When I think of communist countries, or countries ruled by dictators, the picture changes. Voices of dissent are stifled, sometimes stilled, by either threats, persecution or even death. There is no flourishing of ideas. There are no arguments. Silence is the name of the game. To break that silence is to court potential harm and danger. In such a world, words are rendered impotent.

When I went to university, I was exposed to a lot of ideas. Some ideas I agreed with, some ideas I disagreed with. In fact, I STRONGLY disagreed with some ideas. As much as it boggled my mind that someone could actually think such foolishness as I believed their views were, I am really happy that they are free to say whatever they said. I’m happy that just because they disagreed with me did not mean that their life should have been threatened or eliminated. I’m happy that my country (Canada) stands up for the rights of people in the minority whose views are decidedly different from others.

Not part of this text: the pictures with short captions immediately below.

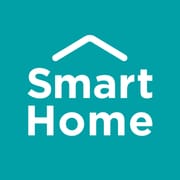 SmartHome (MSmartHome) logo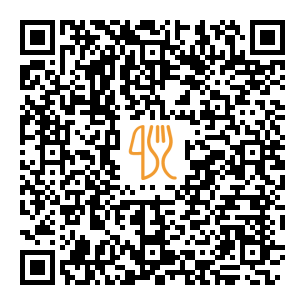 QR-code link para o menu de Cascade De Chine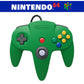 Original Controller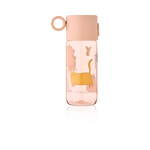 Wasserflasche CLEMENTINE Cats and Dogs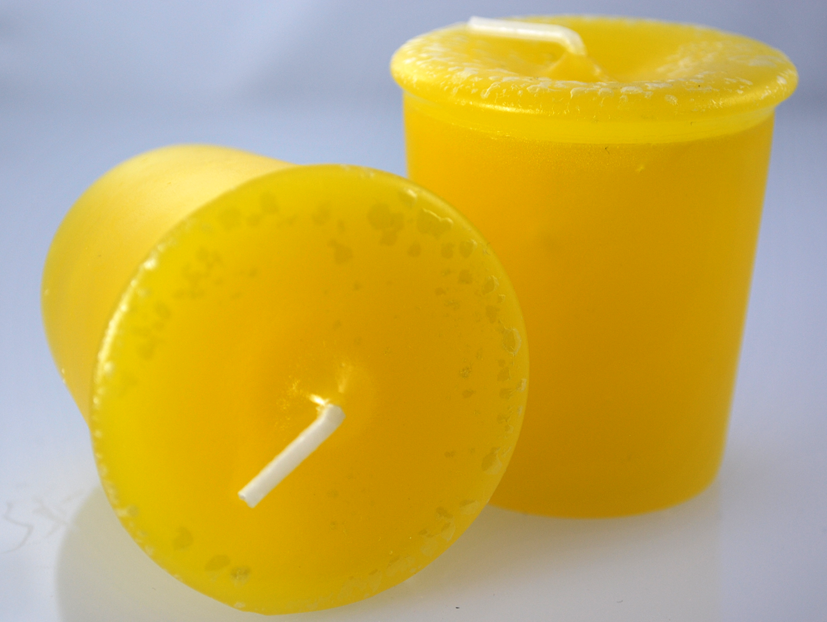 Scented_Votive___4dcb252132953.png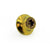 PHR - Powerhouse Racing Titanium Cam Gear Bolt and Accent Washer for 2JZ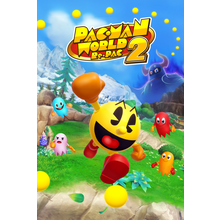 pac-man-world-2-re-pac.png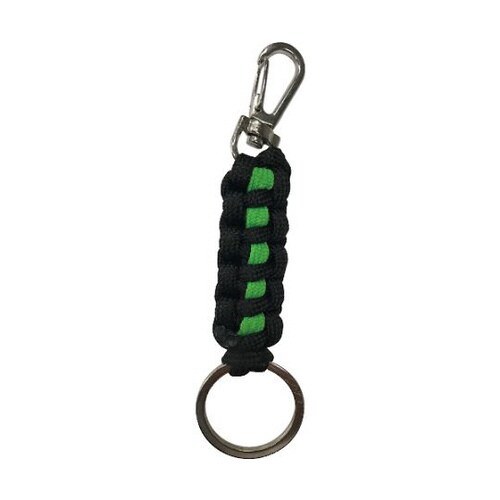 パラメイトキーホルダー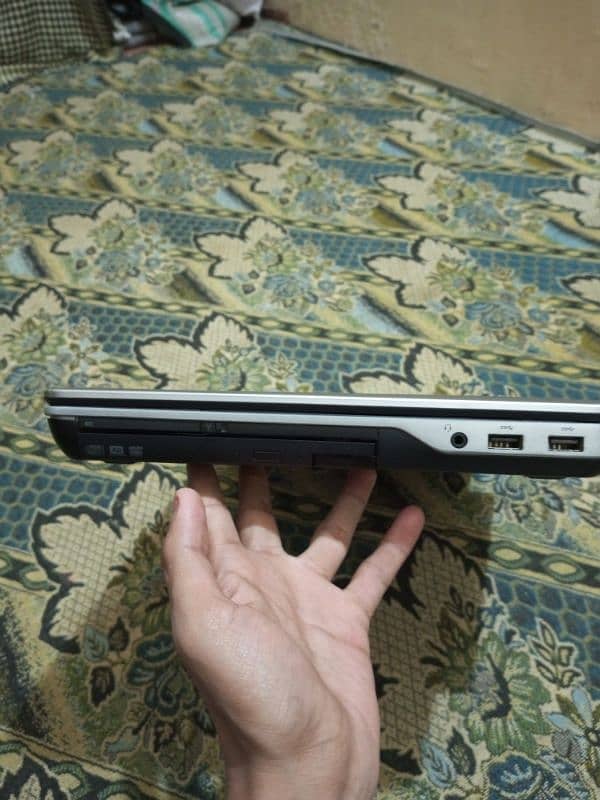 Dell Latitude E6540 For Sell 7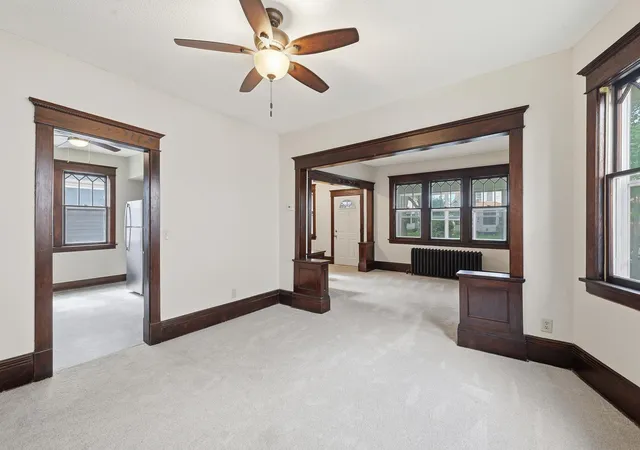 Photo 4 of Single family home for sale at 934 Central Ave W, Saint Paul, MN 55104 | MLS# 7094163 | Listing updated on 2026-10-20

Armed with this freedom to speak whatever we want, let us be cognizant of the responsibility that we all must share in having this gift. Let us use this gift to further causes that will help humanity and not to oppress it. Let us use it with kindness and not with anger or malice. It’s ok to disagree with others. But it is never ok to humiliate or denigrate others who have differing views to ours. It is never ok to use this freedom to promote immorality or injustice. Let’s make sure that this freedom will promote more freedom with the people we encounter.

Words are powerful. They have the power to bind someone in chains of oppression or it can release them from bondage as well. The fact that we have the freedom to use words freely, does not entitle us to freely waste it. I love this phrase from the Book of Isaiah where it says “come, let us reason together.” We may have conflicting views, but it does not mean that we should live in conflict with each other. Let us use our words to persuade, not mandate. May our freedom to speak freely allow us to speak more humbly and wisely. May it encourage more words of life and encouragement instead of death and despair.